In Genesis, not only have Adam and Eve fallen into sin, they’ve also been poisoned such that they don’t want to be found. God obviously knows where they are, but in asking the question, he is trying to get them to own where they are, what they’re doing, and who they are.
Readers of Backyard Pilgrim are asked to walk through their neighborhood or community every day. Why is it so important to you that people do more than just read the book—that they respond by getting outside in their neighborhood daily?
If we are to be found, it has to be in the places where we live. This is not about an individual encounter with an abstract God. This is the God who made heaven and earth, the one who is saying, Come and see the world I have made. Come and see the suffering. Come and see how I can make you a child in this world, both in this life and in the life that is to come. There is no abstract way to practice being found. It has to happen in a place.
And instead of just saying “Here I am”—which you do every day as an individual—I’m also hoping people say “Here we are” as they gather remotely in smaller pilgrim groups once a week. Back in the day, pilgrims did not travel alone. There were bandits and hard things to get through, so you traveled in groups. But it wasn’t just for protection—it was because community transforms. In our church, we’ve been gathering for one hour each week to say, Here we are together. When groups gather, they tell one story from their parish walk, they tell what their favorite verse was, and then they also share one question that’s been arising from the text that they’re wrestling with.
During this pandemic, how do you care pastorally for your congregants?
People call me.
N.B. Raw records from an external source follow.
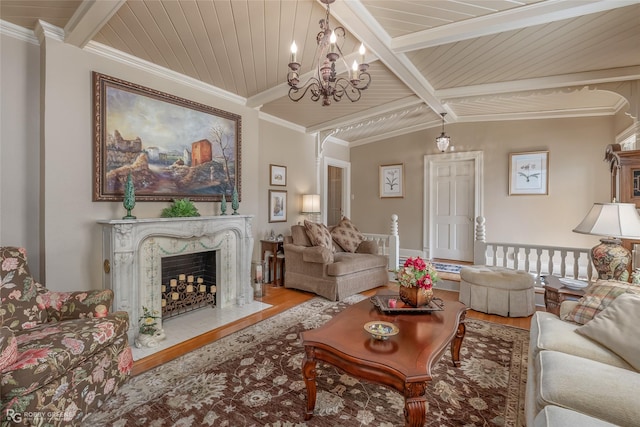 living room featuring vaulted ceiling with beams, crown molding, wood ceiling, a high end fireplace, and light hardwood / wood-style floors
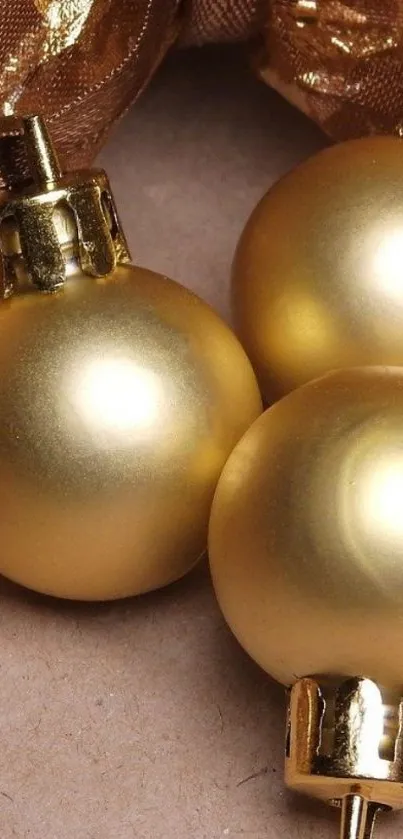 Golden Christmas ornaments on elegant background.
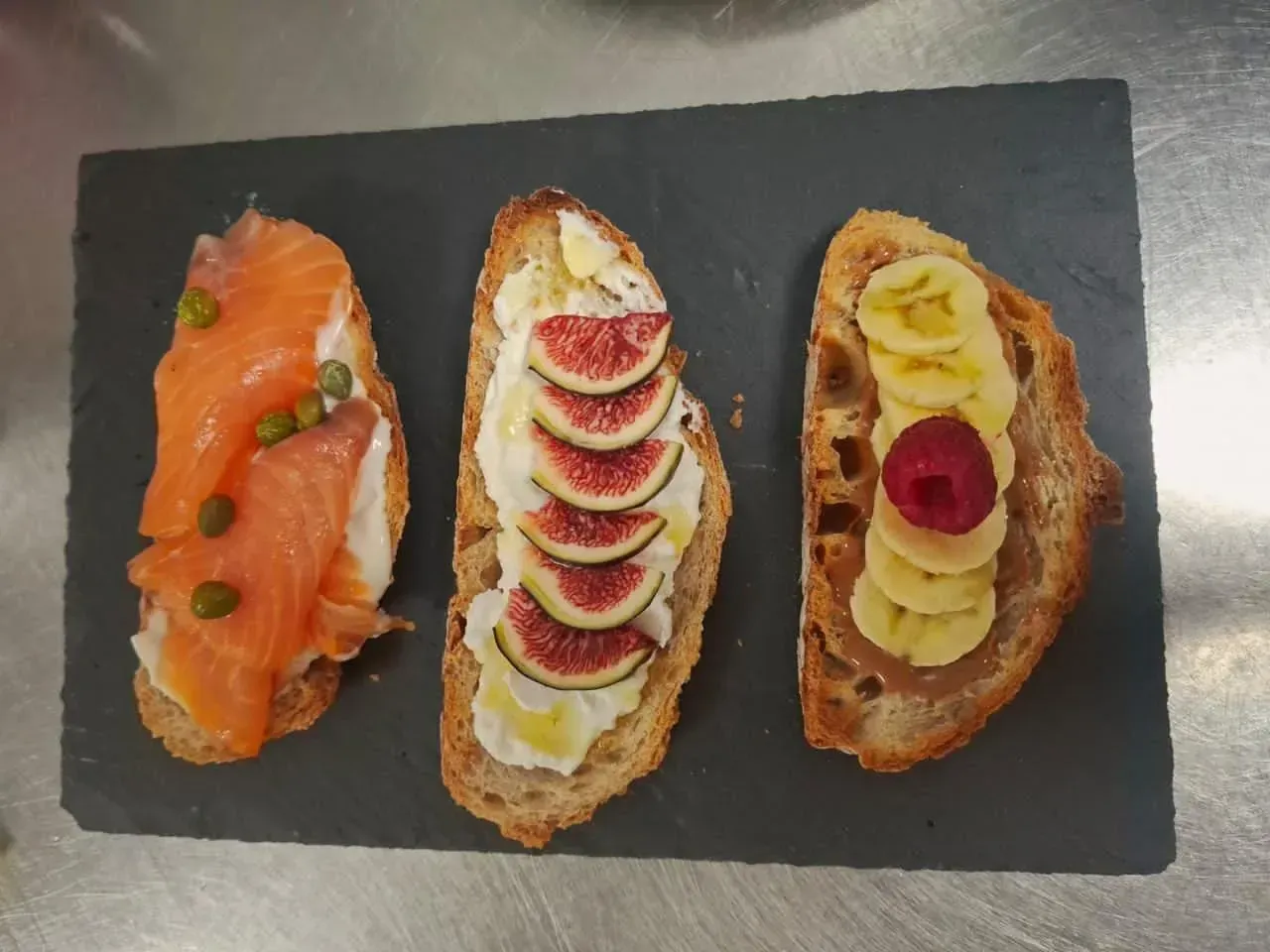 Tres tostadas abiertas: salmón, higos con crema y plátano con frutos rojos sobre una pizarra negra.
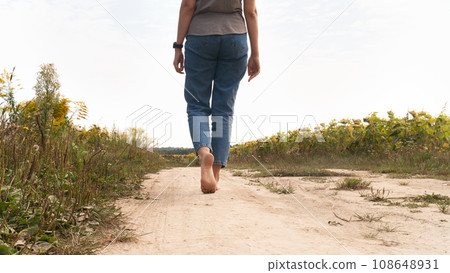 Woman walking in field meadow. Close-up of bare feet soiled with the ground. 108648931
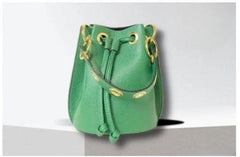 Bolso bombonera de piel en 8 colores. Con asa corta con ollaos dorados + asa larga de cadena con piel. Disponible en 7 colores.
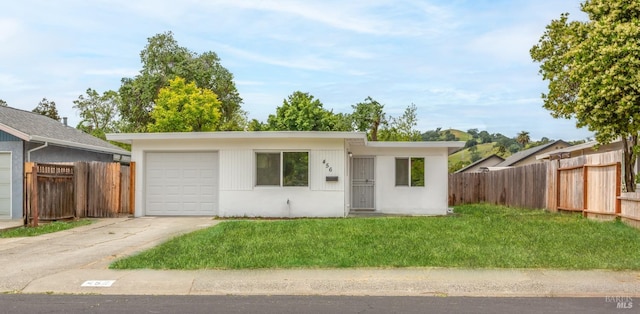 single story home with an attached garage, a front lawn, fence, and concrete driveway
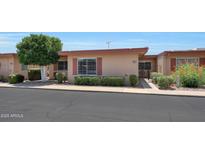 Charming single-story home with manicured landscaping and a welcoming facade at 13224 N 98Th Ave # L, Sun City, AZ 85351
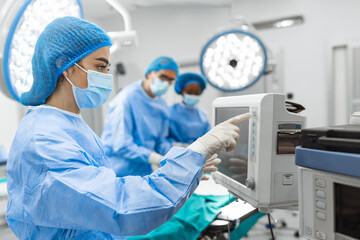 Anesthesiologist keeping track of vital functions of the body during cardiac surgery. Surgeon...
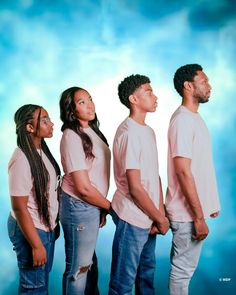 a group of people standing next to each other in front of a blue sky with clouds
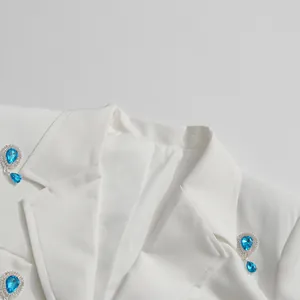 Close-up detail showing the blue teardrop rhinestone embellishments on white blazer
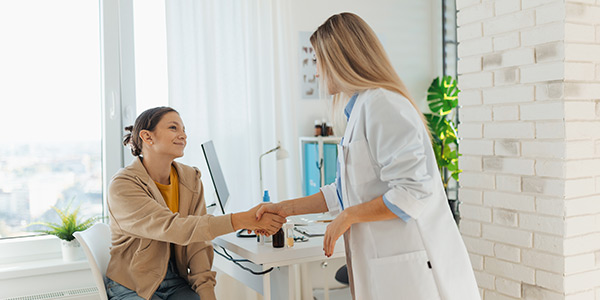 The girl sitting in the doctor's office and shaking hands with the doctor in a white uniform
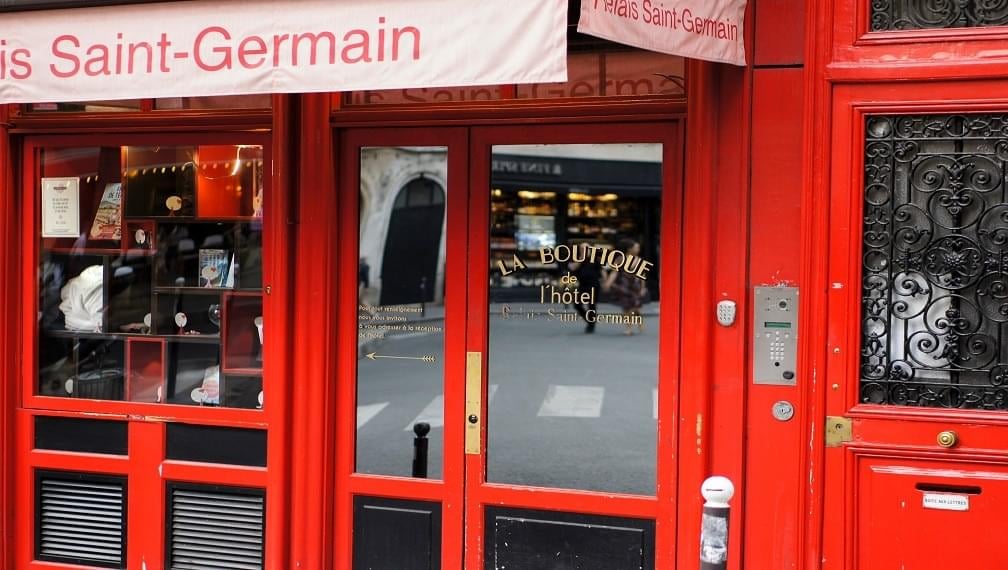 man wearing white shirt standing beside painting screenshot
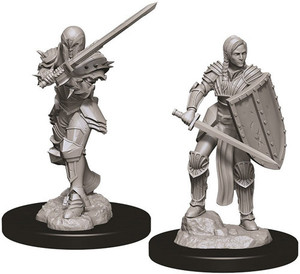 Two unpainted Female Human Fighter miniatures on a white background.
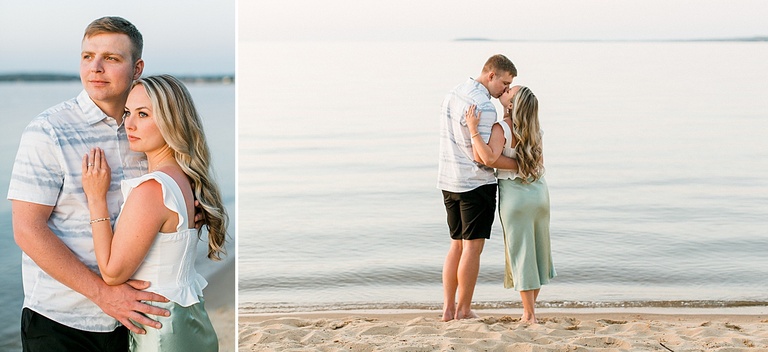 A couple kiss each other while standing on a sanding michigan beach looking out over a lake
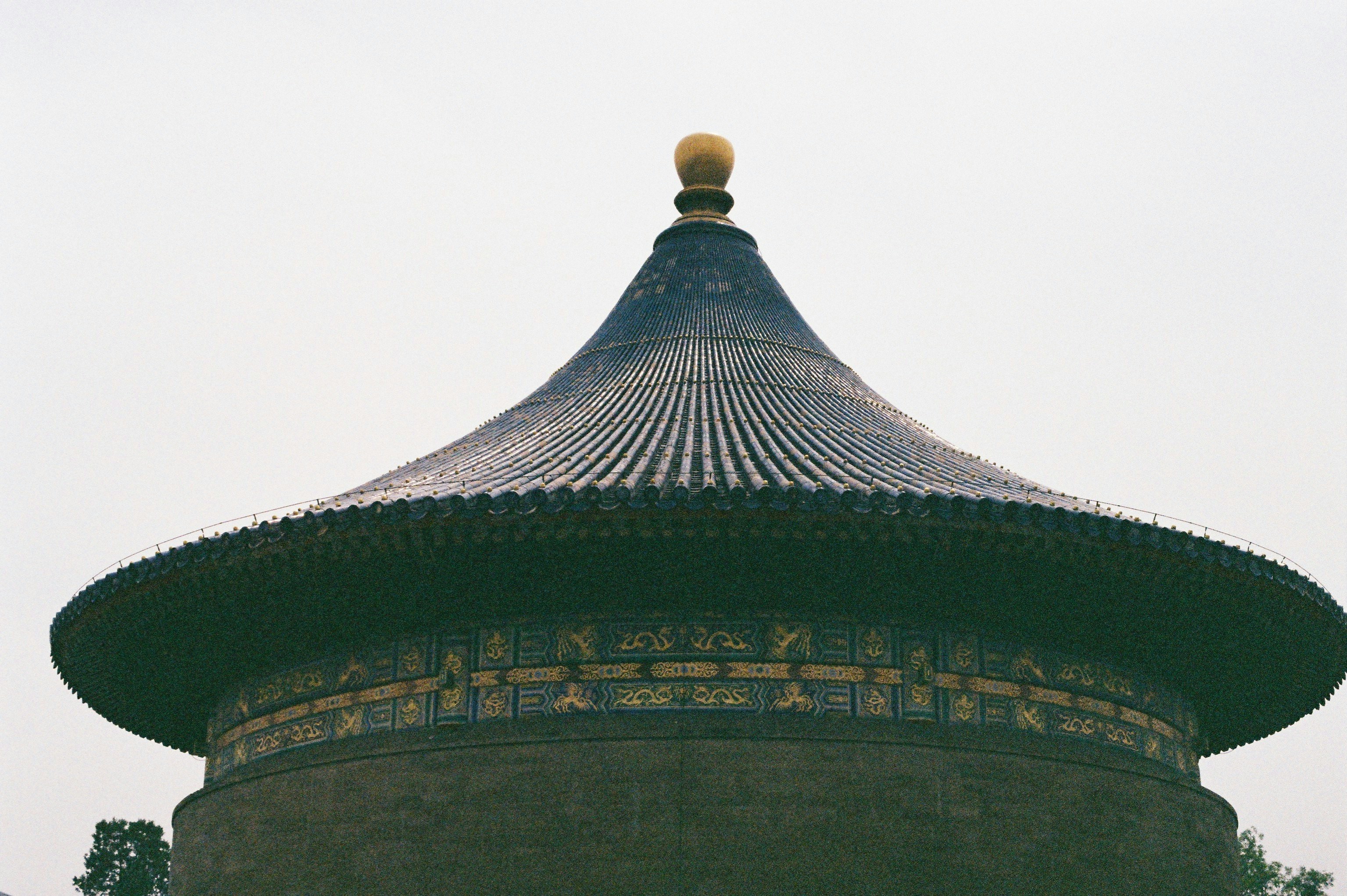 Traditional chinese temple roof with golden orb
I listen to each congregant, I pray through that voicemail, and then I call each person back. My hours are spent visiting people via phone calls. We have 160 people in our church, and I will talk with each one who calls me.
We are doing everything we can to love our neighbors as ourselves, which sometimes means giving space, and other times means visiting homes to drop off home cooked meals, extra toilet paper, or walking people’s dogs for them. These are trying times with many uncertainties, but one thing remains certain: We are being the resilient body of Christ!